**What is being asked:**
With any pictures left out, restate word for word the lines in the listing below from the one holding "女性无精症可以做试管嘛？" through the last.
● ● ● ● ●
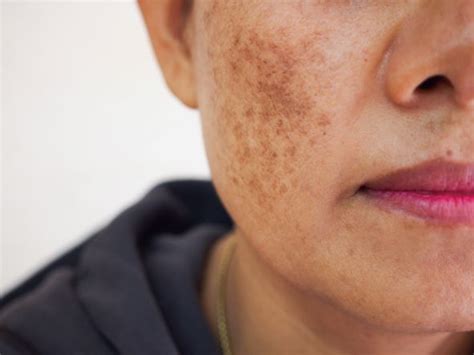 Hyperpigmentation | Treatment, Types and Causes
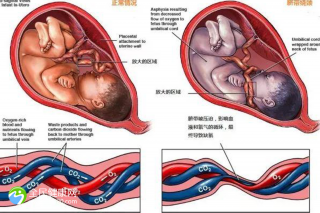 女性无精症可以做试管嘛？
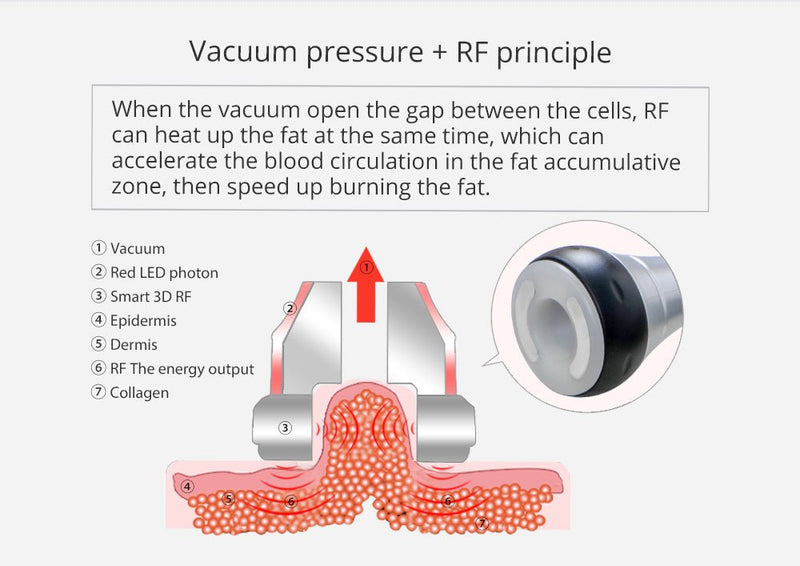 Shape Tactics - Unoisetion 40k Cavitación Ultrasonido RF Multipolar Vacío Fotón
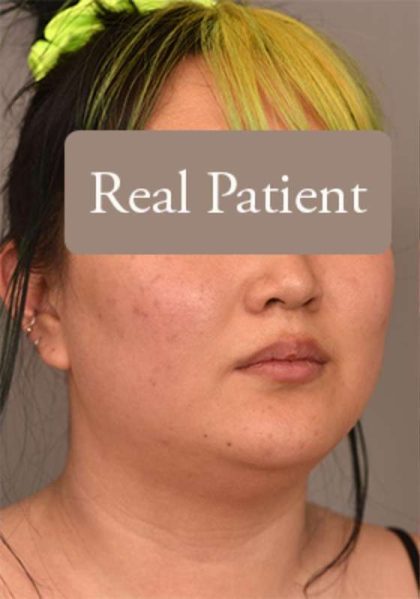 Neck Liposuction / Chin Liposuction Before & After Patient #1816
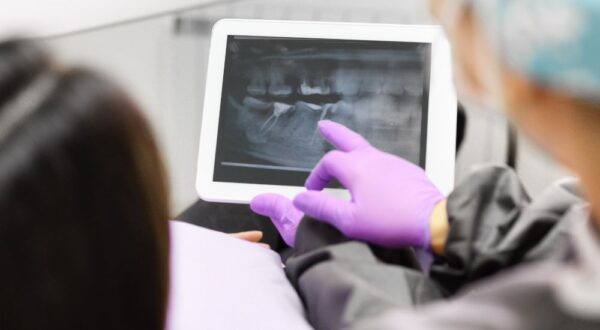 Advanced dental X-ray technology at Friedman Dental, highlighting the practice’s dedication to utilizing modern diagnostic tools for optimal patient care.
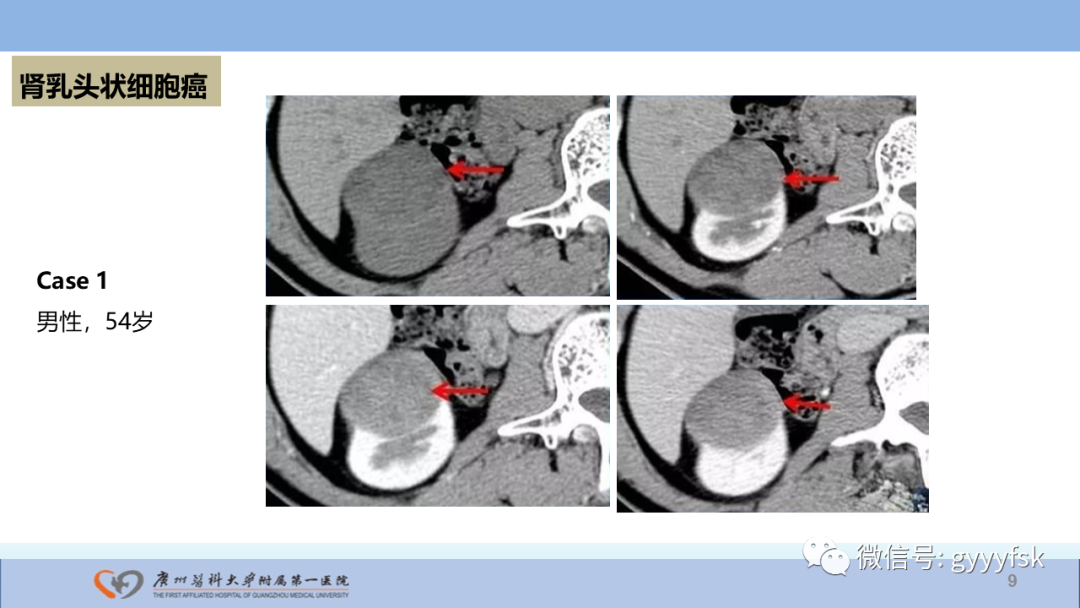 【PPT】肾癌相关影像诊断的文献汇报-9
● ● ● ● ●
**Reply:**
 女性无精症可以做试管嘛？
 Shape Tactics - Unoisetion 40k Cavitación Ultrasonido RF Multipolar Vacío Fotón
 Neck Liposuction / Chin Liposuction Before & After Patient #1816
 Advanced dental X-ray technology at Friedman Dental, highlighting the practice’s dedication to utilizing modern diagnostic tools for optimal patient care.
 【PPT】肾癌相关影像诊断的文献汇报-9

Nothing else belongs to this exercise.